Police made arrests over the years, but imitators complicated everything. Men dressed like Jack for mischief. Some attacked women and blamed the legend afterward. Others sought notoriety. As sightings spread across London, Liverpool, and Sheffield, it became impossible to know where truth ended and performance began.

But perhaps that was the point.

Victorian London was a city trapped between science and superstition. Factories reshaped the skyline. Industry promised progress. Yet fear still lingered in dark streets where police could not protect everyone. Spring-Heeled Jack became more than a man. He became a reflection of urban anxiety - a monster born not from forests or castles, but from crowded neighborhoods and uncertain times.



He soon crossed into fiction. Stage plays turned him into a theatrical villain. Penny dreadful stories transformed him into something stranger: sometimes a demon, sometimes a masked avenger protecting the powerless. In one tale, he frightened wrongdoers and punished corruption. In another, he stalked women through alleys breathing fire.

The real Jack disappeared into contradiction.

Perhaps he never existed as one person at all. Maybe Spring-Heeled Jack was many men. Maybe he was a rumor that gained flesh through repetition. Or maybe Victorian London created him because it needed him - a living nightmare to explain violence, mystery, and the unease of a rapidly changing world.

Some scholars believed Victorian England’s appetite for public spectacles of violence may have been a way to suppress deeper, more personal urges toward aggression. In that sense, figures like Spring-Heeled Jack could have acted as a kind of emotional release valve - a safe monster onto which society could project its darker impulses. It may also explain why so many horrors of the era blurred the line between human and beast. Creatures like Frankenstein's Monster, Sweeney Todd, vampires, Mr. Hyde, and Dorian Gray all reflected fears rooted in humanity itself rather than something truly alien.
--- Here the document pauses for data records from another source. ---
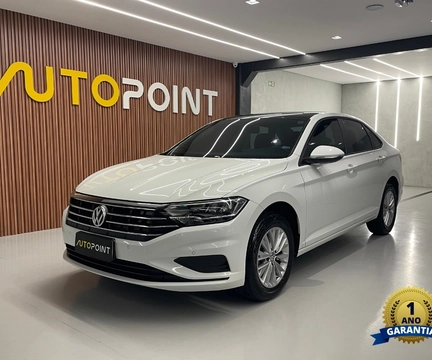Volkswagen Jetta 2019 Branco — foto 1 de 3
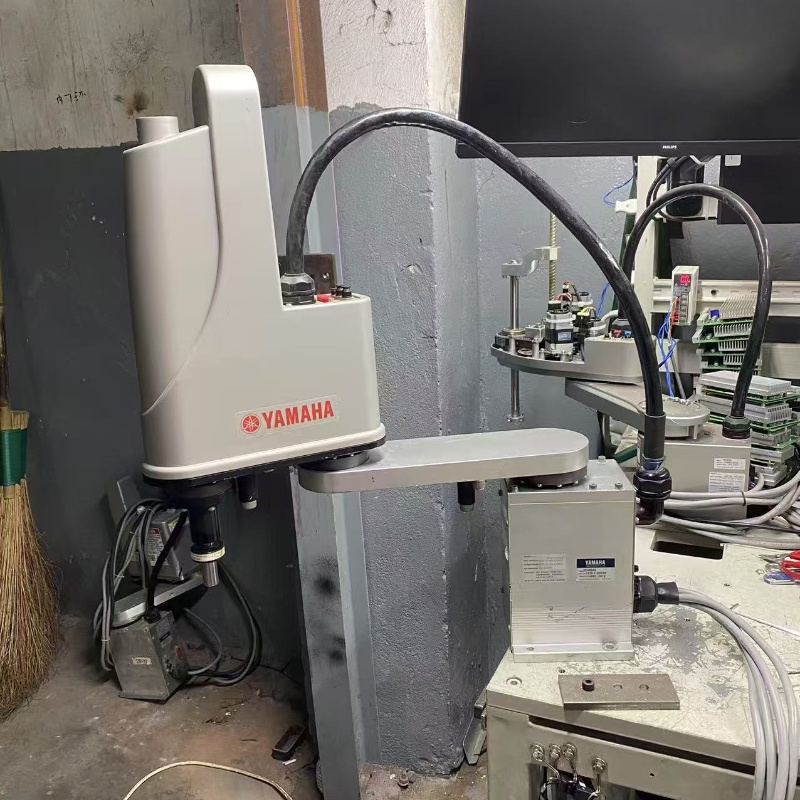 YK400XG 中古ヤマハロボット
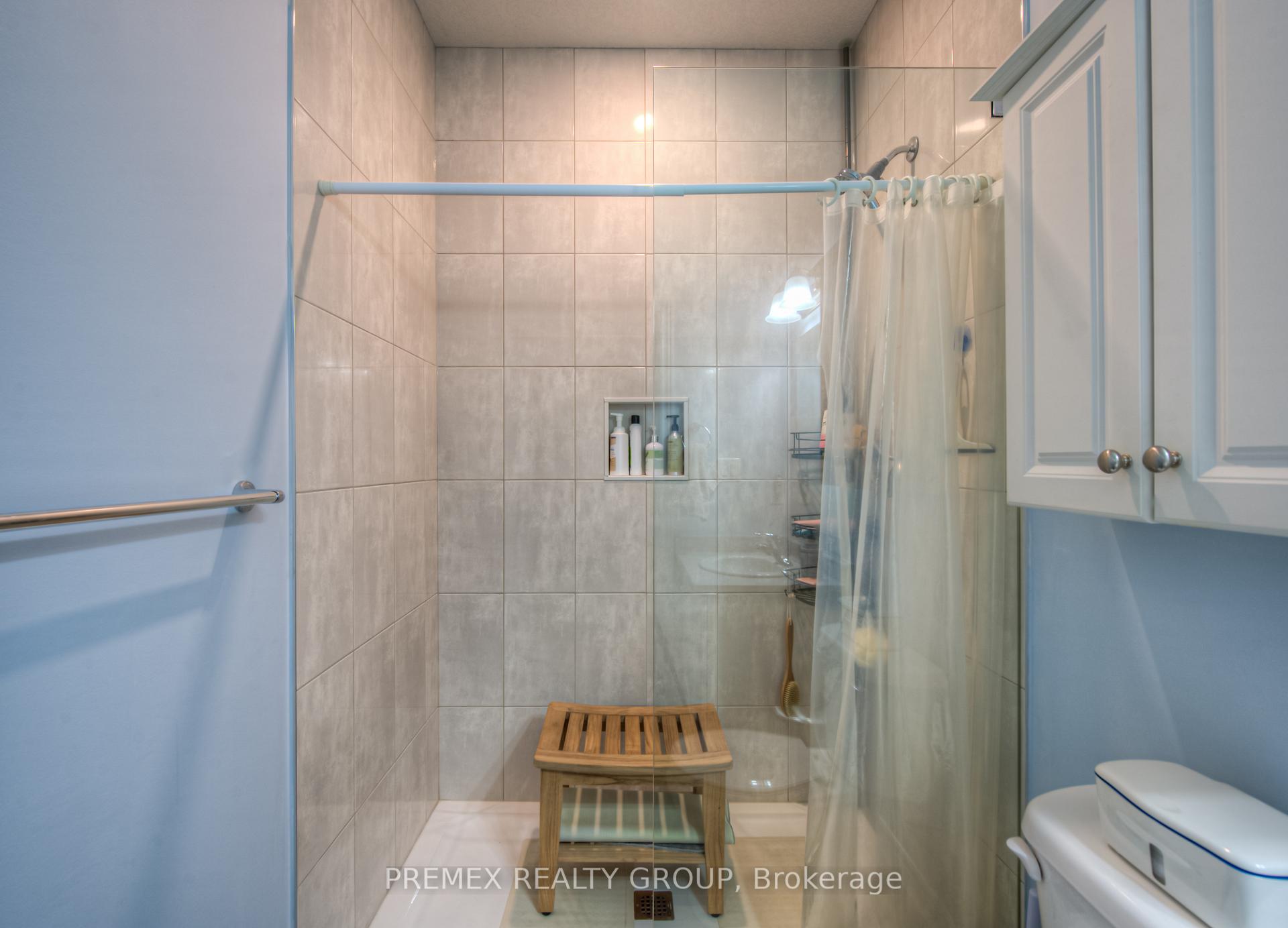 Photo 14 of 94 Arlington Parkway, Brant, Paris — HOMEH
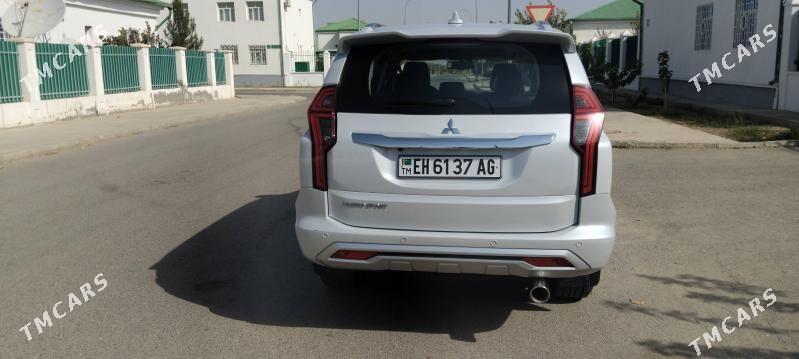 Mitsubishi Pajero 2020 - 445 000 TMT - Büzmeýin - img 5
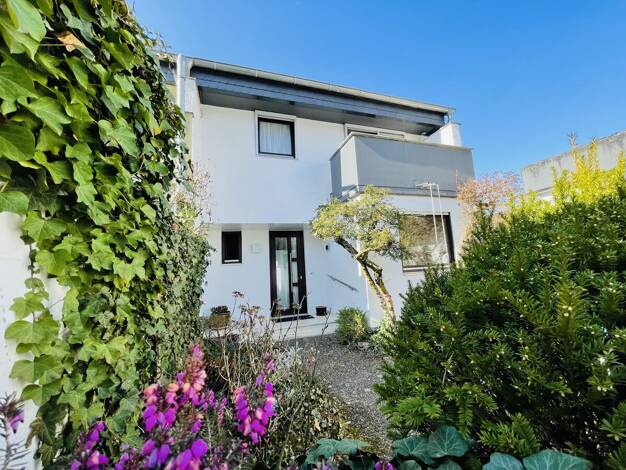 Reihenendhaus zum Kauf 445.000 € 5 Zimmer 107,8 m² 205 m² Grundstück Griesheim 64347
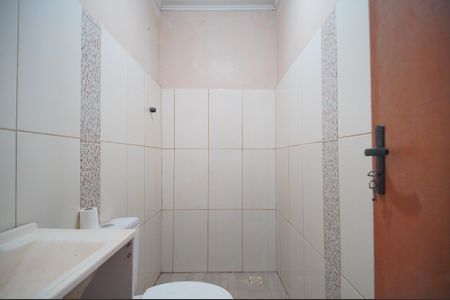 Casa à venda com 106m², 3 quartos e 1 vagaBanheiro 2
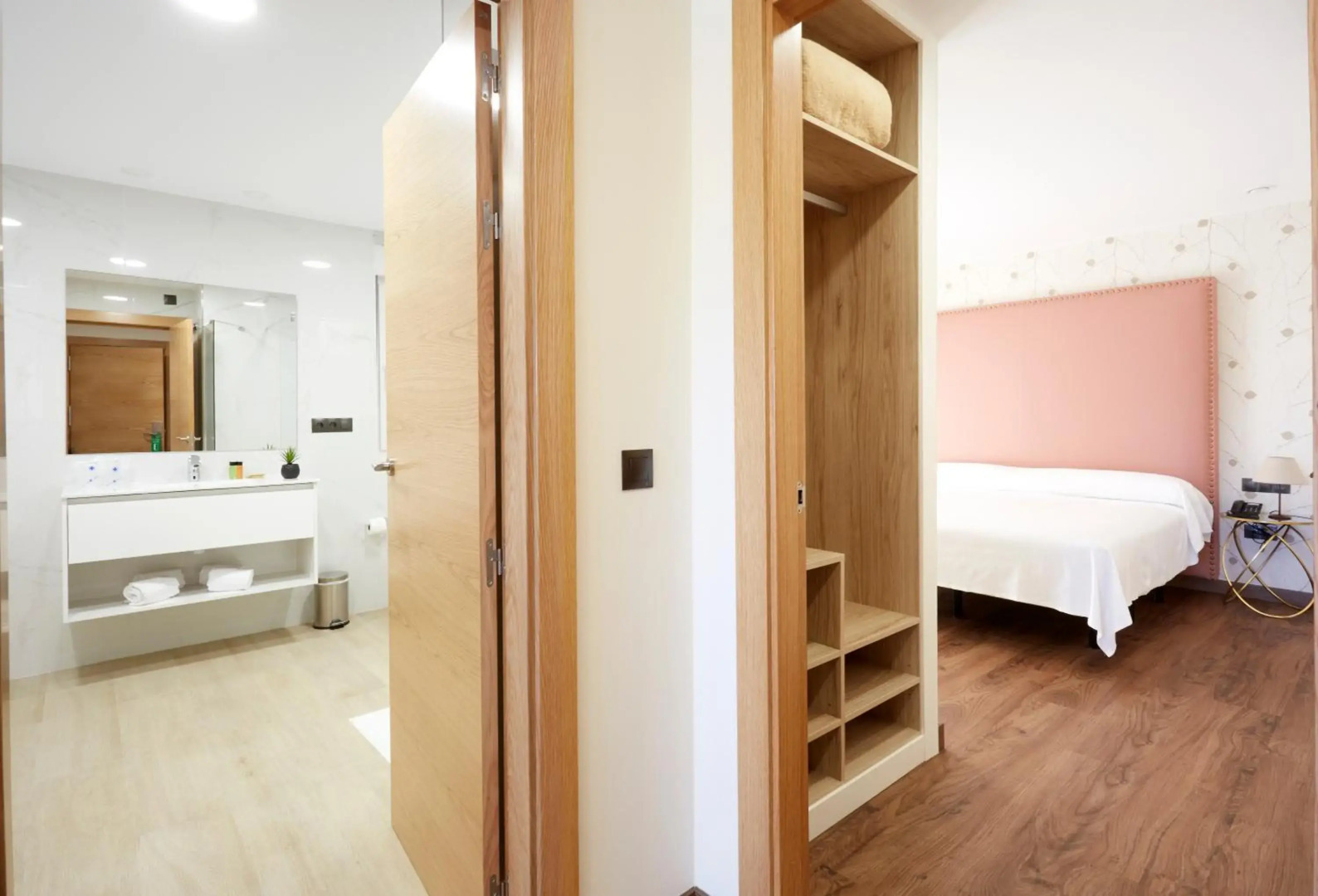 Hotel Arias Aeropuerto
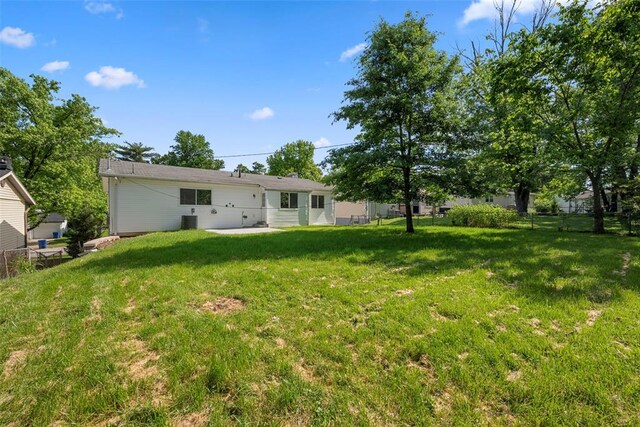 412 Sorrento Dr, Ballwin, MO 63021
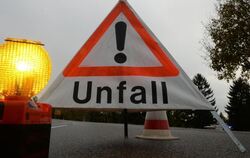 Ein Warndreieck mit der Aufschrift «Unfall» steht auf der Straße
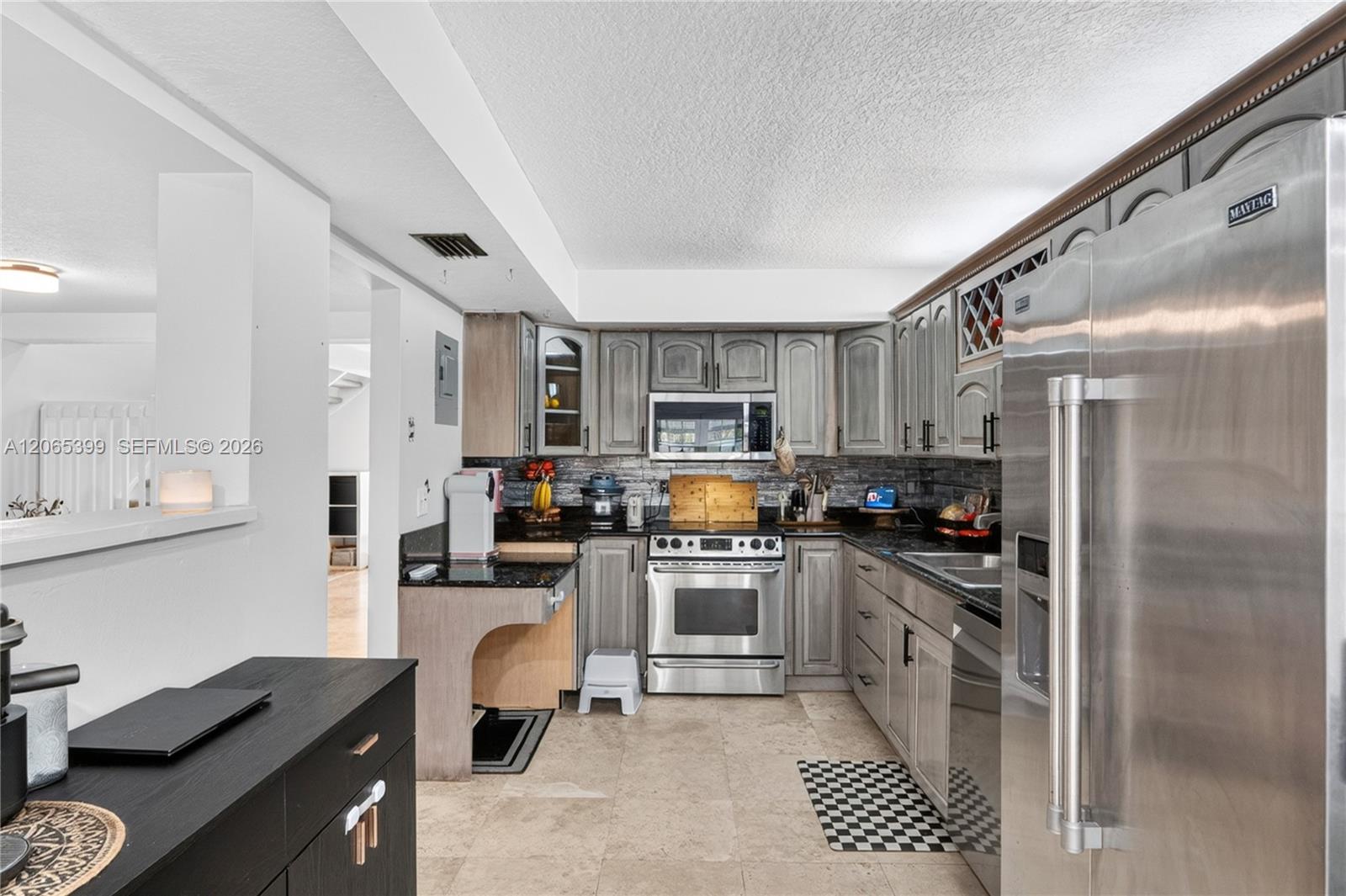 8703 Cleary Boulevard Property Photo 11
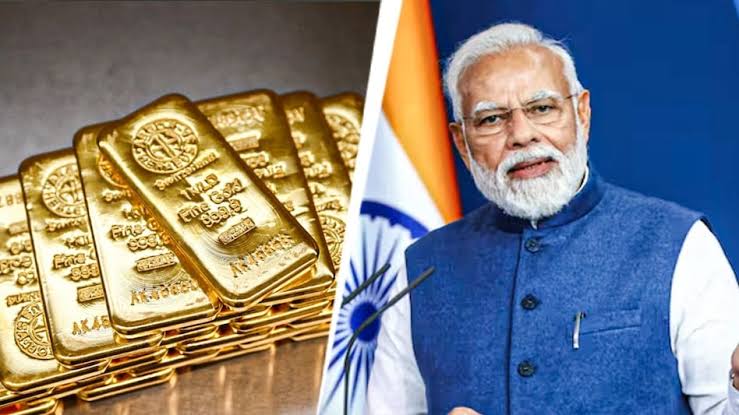 रुपये की गिरावट रोकने के लिए सरकार सख्त, सोना और चांदी पर आयात शुल्क में भारी बढ़ोतरी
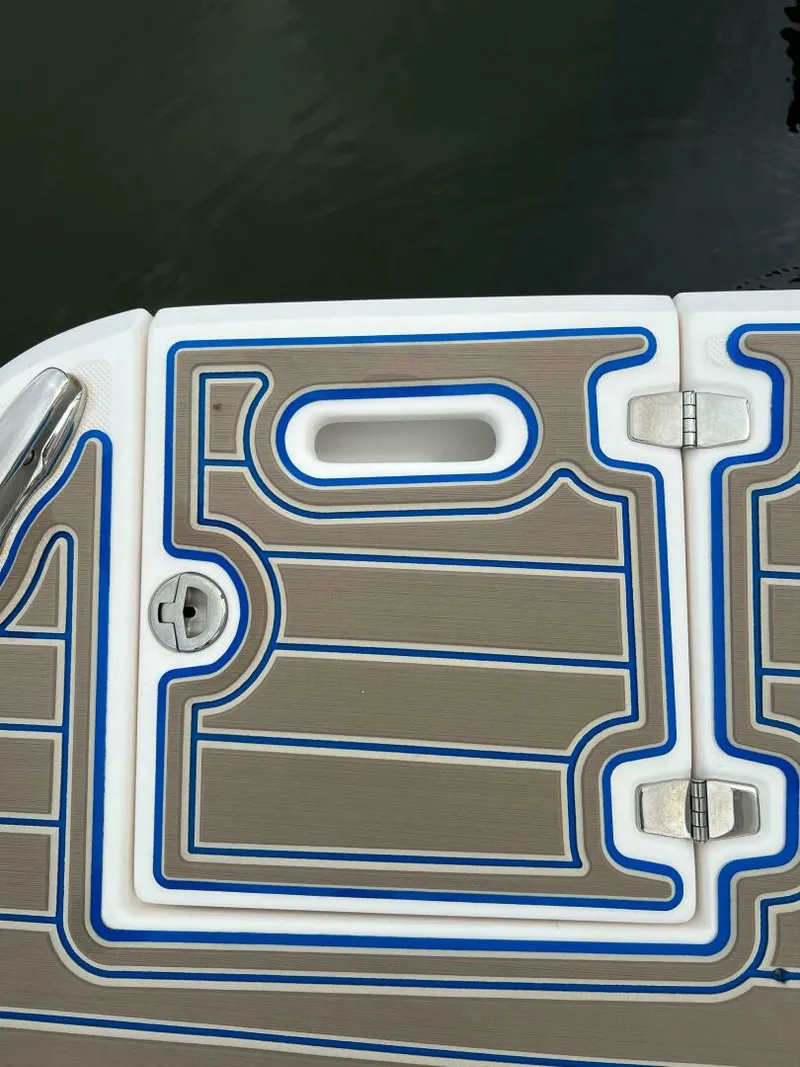 Slide: The Image of Regal 3300 Bowrider 2020 - 5003047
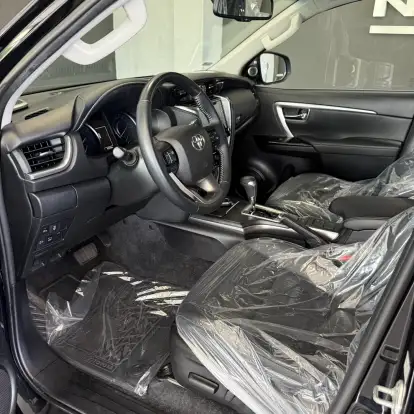 TOYOTA-HILUX SW4-2022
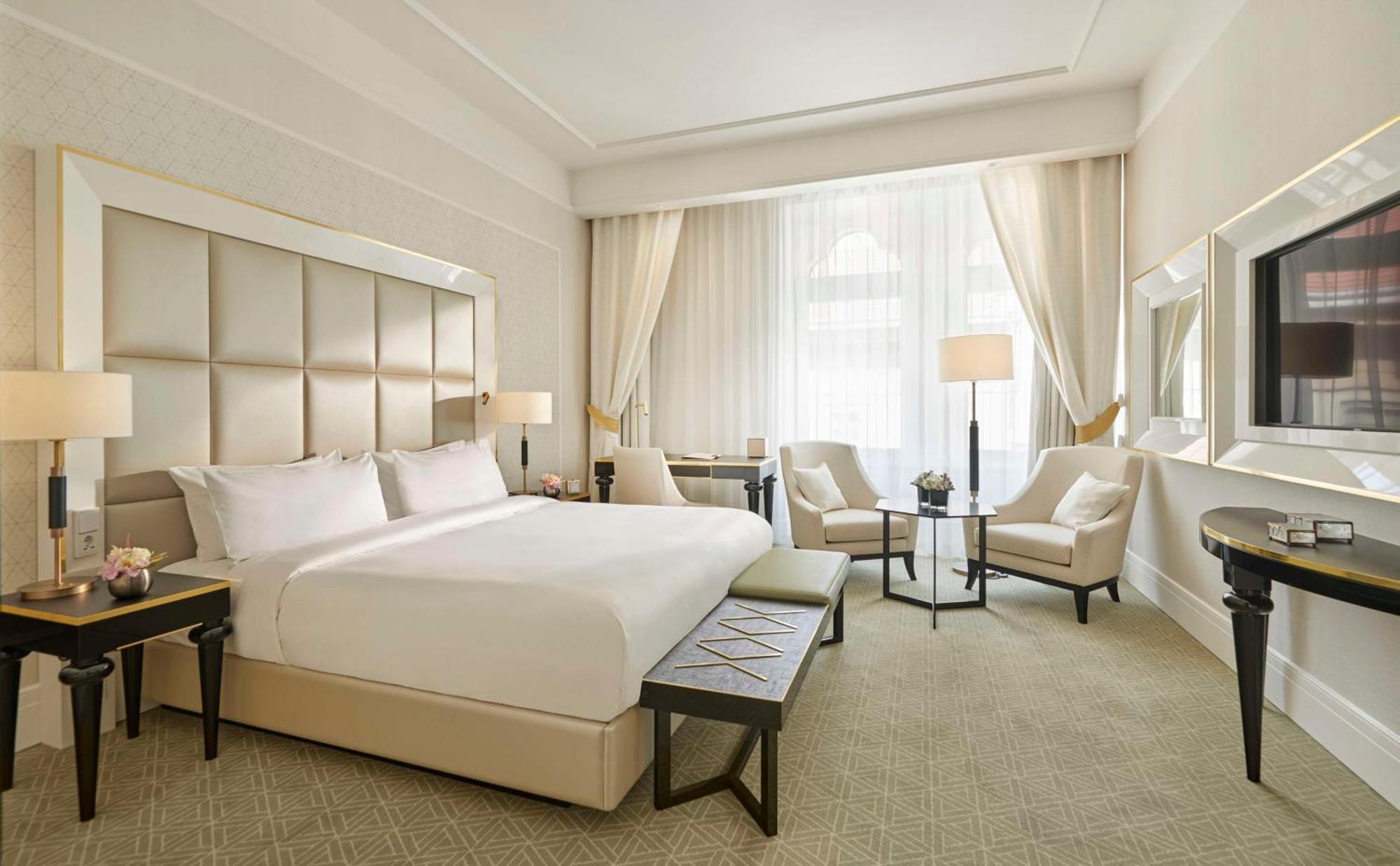 Parisi Udvar Hotel Budapest, Part Of Hyatt Екстериор снимка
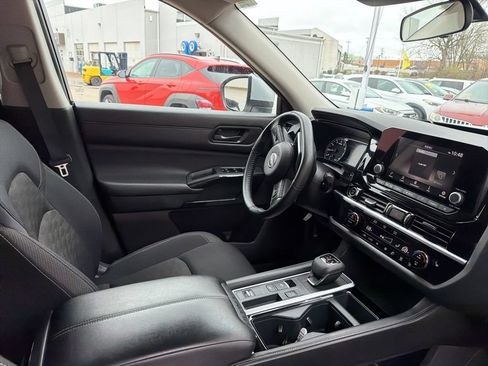 Used 2024 Nissan Pathfinder SV FWD image 14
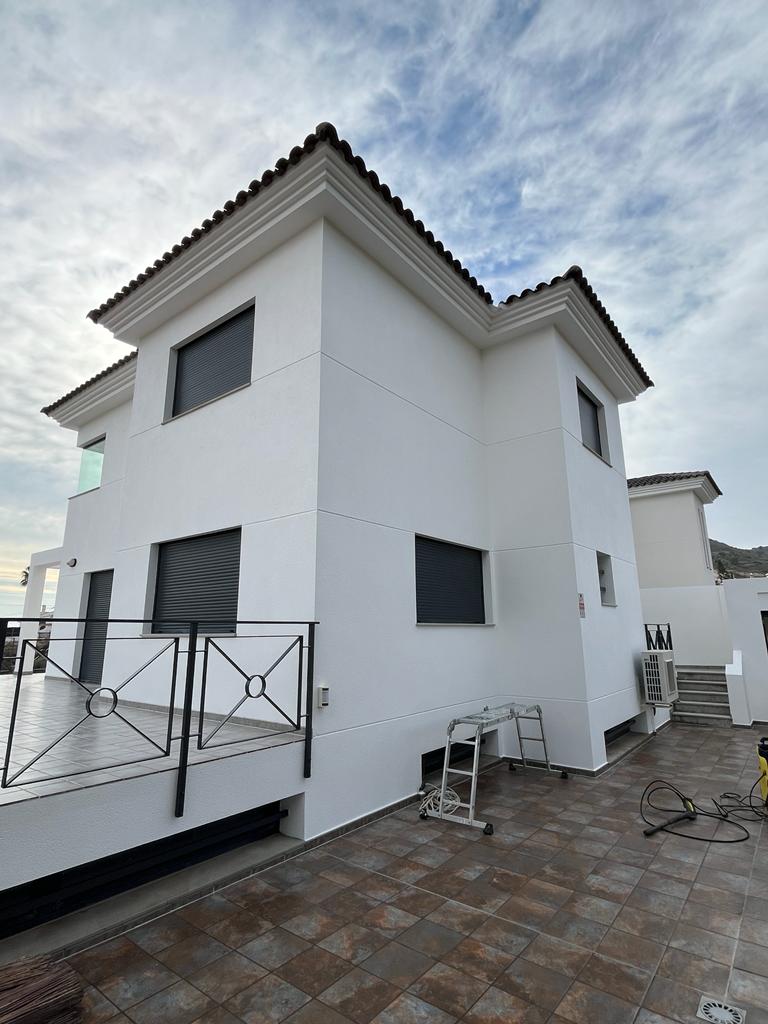 How to Choose the Right Colour for Your House in Spain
Then came the very real terror of Jack the Ripper, whose brutal crimes quickly eclipsed the legend of Spring-Heeled Jack. Yet the leaping phantom never fully disappeared. In recent years, he has resurfaced in comics, graphic novels, and modern reinterpretations.

Part of that revival may stem from the enduring fascination with stylized Victorian worlds, especially within steampunk culture. But it also raises a lingering question: just as the Victorians may have needed monsters to channel their darker instincts, are we still searching for our own?

What remains undeniable is this: for nearly seventy years, people believed he lingered just beyond the reach of the gaslight, hidden somewhere in the fog. And when the mist rolled in thick enough, some claimed they still heard footsteps overhead - followed by the whoosh of a leap, and a distant impact of something landing far beyond what seemed humanly possible. 

Whatever, or whoever, Spring-Heeled Jack truly was, his legend never disappeared.